O bilionário francês Nicolas Puech, herdeiro das ações da luxuosa grife Hermès e bisneto do fundador, está no centro de um escândalo financeiro. Ele afirma ter desaparecido cerca de seis milhões de ações, atualmente avaliadas em 14,5 bilhões de euros (aproximadamente R$ 94 bilhões).
Puech, de 82 anos, mantinha uma relação de confiança com seu ex-gestor financeiro, Eric Freymond, por 25 anos. A acusação formal foi feita após a morte súbita de Freymond, aos 67 anos, em circunstâncias ainda sob investigação na Suíça. O herdeiro reitera que espera que as autoridades esclareçam os motivos do falecimento.
Desde 1998, Freymond detinha acesso às contas e aos extratos financeiros de Puech. Segundo os processos, a partir de 2001 houve movimentações como vendas e transferências das ações da Hermès supostamente sem o conhecimento pleno do herdeiro. Em 2022, Nicolas rescindiu os poderes concedidos ao ex-gestor, iniciando então ações judiciais na Suíça e na França.
As primeiras reações judiciais foram negativas a Puech: na Suíça, sua acusação foi julgada “vaga e infundada”, levando à absolvição de Freymond. Já na França, o caso segue em andamento.

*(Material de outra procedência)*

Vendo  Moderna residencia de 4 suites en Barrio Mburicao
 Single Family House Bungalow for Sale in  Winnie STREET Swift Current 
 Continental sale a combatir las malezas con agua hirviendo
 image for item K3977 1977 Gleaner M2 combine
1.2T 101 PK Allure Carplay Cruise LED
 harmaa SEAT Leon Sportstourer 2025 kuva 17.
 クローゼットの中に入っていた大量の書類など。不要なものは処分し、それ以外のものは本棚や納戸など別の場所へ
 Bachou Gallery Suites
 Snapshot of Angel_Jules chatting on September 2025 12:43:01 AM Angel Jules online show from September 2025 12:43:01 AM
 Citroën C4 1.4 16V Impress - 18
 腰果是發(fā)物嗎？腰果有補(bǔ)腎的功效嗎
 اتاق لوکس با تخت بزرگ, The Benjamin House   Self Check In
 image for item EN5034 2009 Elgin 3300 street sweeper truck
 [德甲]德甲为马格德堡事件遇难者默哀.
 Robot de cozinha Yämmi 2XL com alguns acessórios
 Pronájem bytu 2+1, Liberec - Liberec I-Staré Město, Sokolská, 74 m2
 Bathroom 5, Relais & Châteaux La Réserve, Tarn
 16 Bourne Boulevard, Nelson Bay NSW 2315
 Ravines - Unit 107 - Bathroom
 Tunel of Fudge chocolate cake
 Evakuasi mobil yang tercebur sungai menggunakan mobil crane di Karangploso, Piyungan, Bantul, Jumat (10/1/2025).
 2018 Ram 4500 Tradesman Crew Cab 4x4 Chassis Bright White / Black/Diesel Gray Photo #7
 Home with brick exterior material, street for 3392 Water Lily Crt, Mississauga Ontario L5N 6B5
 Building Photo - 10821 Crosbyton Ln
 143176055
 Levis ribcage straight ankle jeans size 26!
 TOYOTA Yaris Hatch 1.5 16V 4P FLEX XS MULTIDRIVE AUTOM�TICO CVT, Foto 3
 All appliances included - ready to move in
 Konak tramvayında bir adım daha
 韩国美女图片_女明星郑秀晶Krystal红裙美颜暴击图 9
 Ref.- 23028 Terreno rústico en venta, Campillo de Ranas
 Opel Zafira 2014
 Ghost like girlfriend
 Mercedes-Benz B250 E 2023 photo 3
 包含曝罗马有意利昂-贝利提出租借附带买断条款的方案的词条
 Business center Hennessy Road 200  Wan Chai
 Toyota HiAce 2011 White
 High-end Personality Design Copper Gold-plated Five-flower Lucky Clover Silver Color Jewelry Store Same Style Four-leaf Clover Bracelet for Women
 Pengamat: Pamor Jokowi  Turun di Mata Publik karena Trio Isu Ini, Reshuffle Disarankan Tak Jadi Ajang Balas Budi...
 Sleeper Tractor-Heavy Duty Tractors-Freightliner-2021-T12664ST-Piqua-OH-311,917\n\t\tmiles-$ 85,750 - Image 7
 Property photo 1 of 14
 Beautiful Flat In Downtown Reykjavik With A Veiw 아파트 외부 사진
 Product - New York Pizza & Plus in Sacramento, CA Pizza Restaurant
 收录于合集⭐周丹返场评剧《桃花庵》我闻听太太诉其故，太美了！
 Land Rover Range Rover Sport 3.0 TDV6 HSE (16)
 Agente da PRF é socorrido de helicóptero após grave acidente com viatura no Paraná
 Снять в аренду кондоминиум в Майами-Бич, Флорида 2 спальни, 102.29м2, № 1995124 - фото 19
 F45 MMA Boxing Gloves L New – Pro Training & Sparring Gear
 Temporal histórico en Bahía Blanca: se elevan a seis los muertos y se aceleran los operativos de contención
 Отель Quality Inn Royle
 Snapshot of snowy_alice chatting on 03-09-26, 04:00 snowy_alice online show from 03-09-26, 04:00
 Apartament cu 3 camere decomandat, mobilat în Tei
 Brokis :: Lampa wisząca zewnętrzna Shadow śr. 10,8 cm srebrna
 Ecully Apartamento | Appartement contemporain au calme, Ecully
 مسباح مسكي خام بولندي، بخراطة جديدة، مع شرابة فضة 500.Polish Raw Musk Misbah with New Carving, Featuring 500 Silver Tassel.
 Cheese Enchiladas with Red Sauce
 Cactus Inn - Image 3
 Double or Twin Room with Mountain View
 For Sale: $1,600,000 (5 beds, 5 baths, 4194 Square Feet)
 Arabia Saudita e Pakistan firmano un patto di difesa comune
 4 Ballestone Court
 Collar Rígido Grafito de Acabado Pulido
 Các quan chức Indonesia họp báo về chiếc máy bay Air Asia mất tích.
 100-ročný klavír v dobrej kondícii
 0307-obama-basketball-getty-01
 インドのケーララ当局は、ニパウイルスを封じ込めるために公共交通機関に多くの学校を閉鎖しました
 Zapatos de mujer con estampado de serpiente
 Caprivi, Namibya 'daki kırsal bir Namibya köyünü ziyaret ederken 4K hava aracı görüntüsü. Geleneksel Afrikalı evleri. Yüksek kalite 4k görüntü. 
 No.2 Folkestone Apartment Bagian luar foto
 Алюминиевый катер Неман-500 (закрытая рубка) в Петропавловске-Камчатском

Nicolas já havia ganhado repercussão internacional quando revelou sua intenção de deixar sua fortuna para o jardineiro que trabalhava com ele há décadas, afirmando ser solteiro e sem herdeiros diretos. Essa decisão rompe com a tradição familiar e aumentou a atenção sobre o destino dos ativos.
Além do aspecto legal, este caso envolve diretamente a atuação da LVMH, holding de luxo rival liderada por Bernard Arnault. Há suspeitas de que parte das ações desaparecidas tenha sido negociada em sigilo durante tentativas de aquisição da Hermès pela LVMH. Investigações apontam uso de mecanismos sofisticados e bancos suíços como intermediários nessas transações.
Com a morte de Freymond e a idade avançada de Puech, o destino de sua participação acionária — e do bilionário montante — permanece um mistério. A saga atrai interesse global, não apenas pela fortuna perdida, mas pela complexidade legal, sucessórias e intrigantes vínculos com a alta moda e o litígio financeiro.